╭──

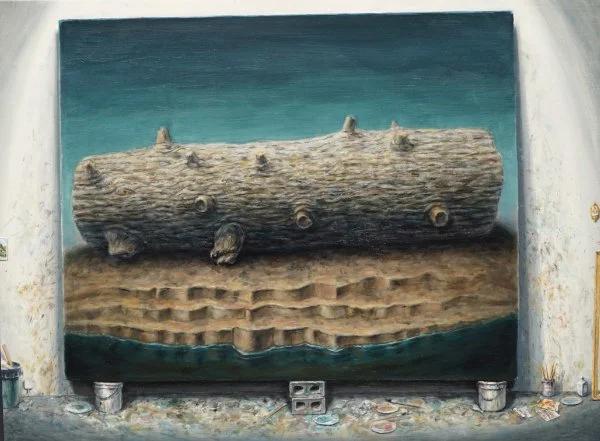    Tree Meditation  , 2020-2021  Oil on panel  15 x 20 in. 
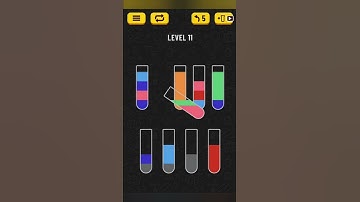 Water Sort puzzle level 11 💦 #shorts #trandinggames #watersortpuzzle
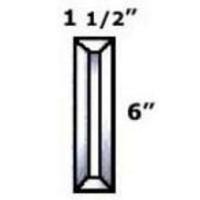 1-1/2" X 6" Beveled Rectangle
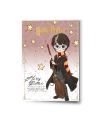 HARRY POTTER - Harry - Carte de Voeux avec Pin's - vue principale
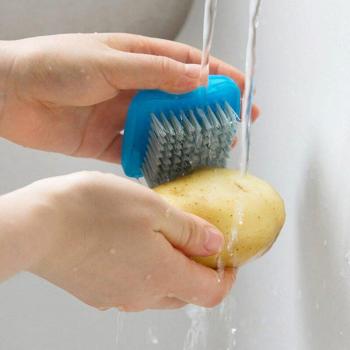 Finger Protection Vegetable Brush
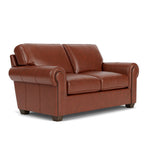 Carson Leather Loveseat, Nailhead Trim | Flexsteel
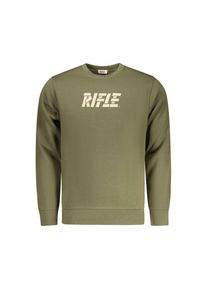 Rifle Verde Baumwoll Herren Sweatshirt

╰──
╭──

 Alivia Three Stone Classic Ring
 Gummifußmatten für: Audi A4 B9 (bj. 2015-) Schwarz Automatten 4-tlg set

╰──
╭──

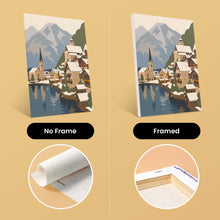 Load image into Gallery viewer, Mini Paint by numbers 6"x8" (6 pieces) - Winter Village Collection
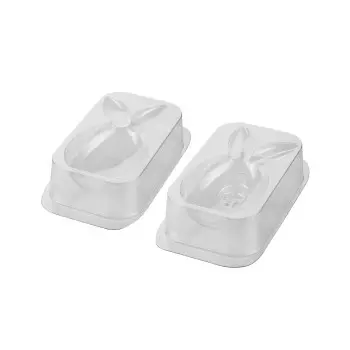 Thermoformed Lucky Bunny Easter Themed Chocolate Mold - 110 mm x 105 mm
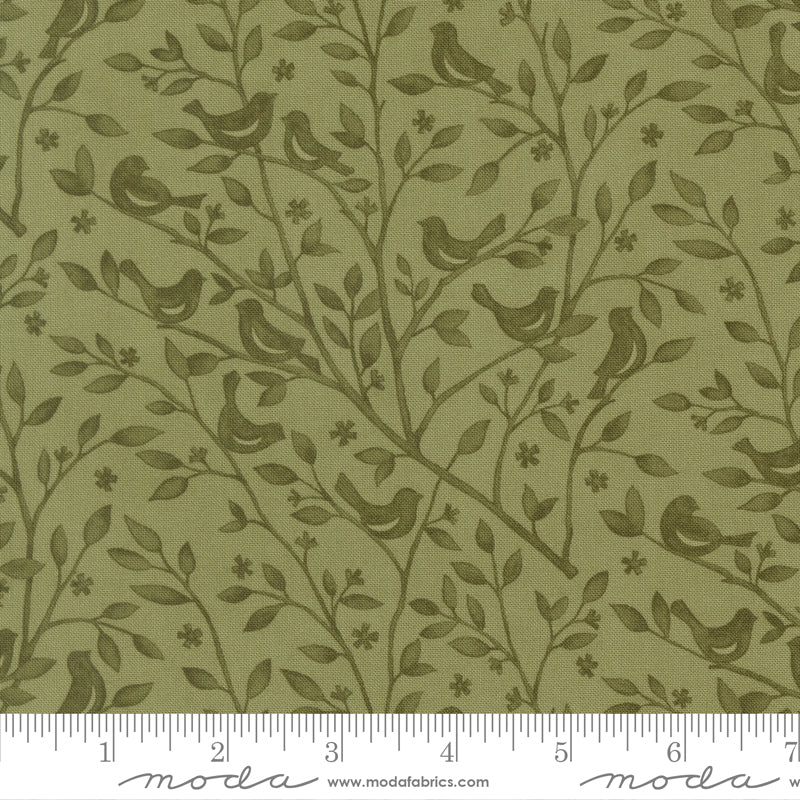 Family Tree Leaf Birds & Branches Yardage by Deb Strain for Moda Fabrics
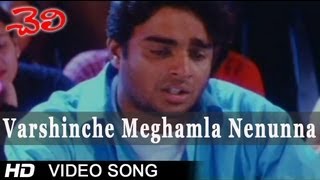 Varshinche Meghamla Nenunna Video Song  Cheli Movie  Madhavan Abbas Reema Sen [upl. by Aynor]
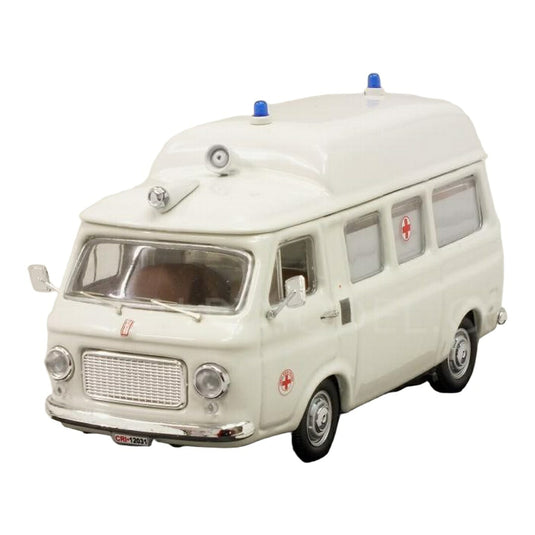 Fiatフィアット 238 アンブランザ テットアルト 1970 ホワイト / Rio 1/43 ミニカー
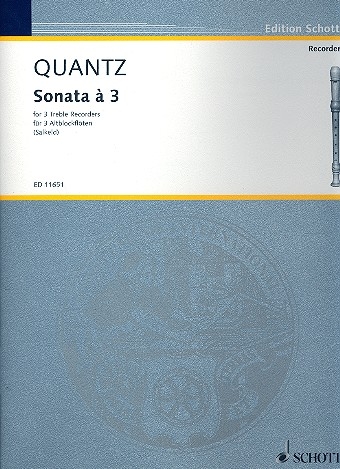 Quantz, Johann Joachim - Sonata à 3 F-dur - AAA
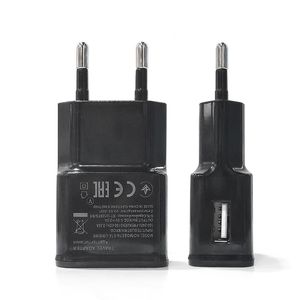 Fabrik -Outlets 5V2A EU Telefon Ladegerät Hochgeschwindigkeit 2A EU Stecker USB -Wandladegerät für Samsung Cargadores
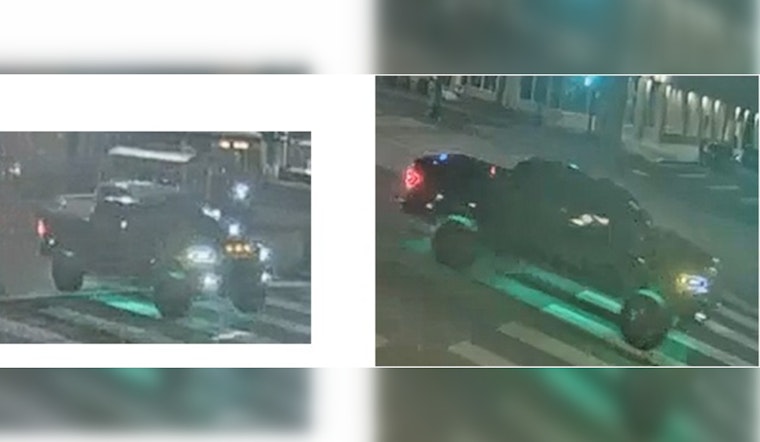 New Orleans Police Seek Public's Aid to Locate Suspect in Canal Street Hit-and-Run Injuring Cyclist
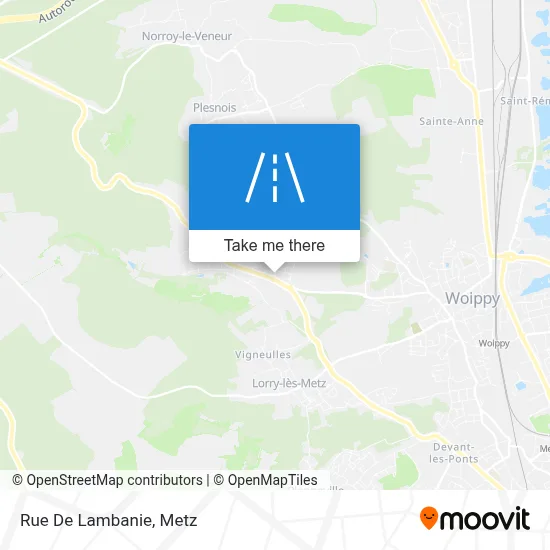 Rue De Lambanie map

╰──

▶ TASK BRIEF: Although pictures appear among the records above, write out exactly only the lines from the one that has "Load image into" through the one that has "Quantz, Johann Joachim", and leave the pictures out.

▶ ANSWER TO THIS EXERCISE:
 Load image into Gallery viewer, Mini Paint by numbers 6"x8" (6 pieces) - Winter Village Collection
 Thermoformed Lucky Bunny Easter Themed Chocolate Mold - 110 mm x 105 mm
 Family Tree Leaf Birds & Branches Yardage by Deb Strain for Moda Fabrics
 Varshinche Meghamla Nenunna Video Song  Cheli Movie  Madhavan Abbas Reema Sen [upl. by Aynor]
 Fiatフィアット 238 アンブランザ テットアルト 1970 ホワイト / Rio 1/43 ミニカー
 Quantz, Johann Joachim - Sonata à 3 F-dur - AAA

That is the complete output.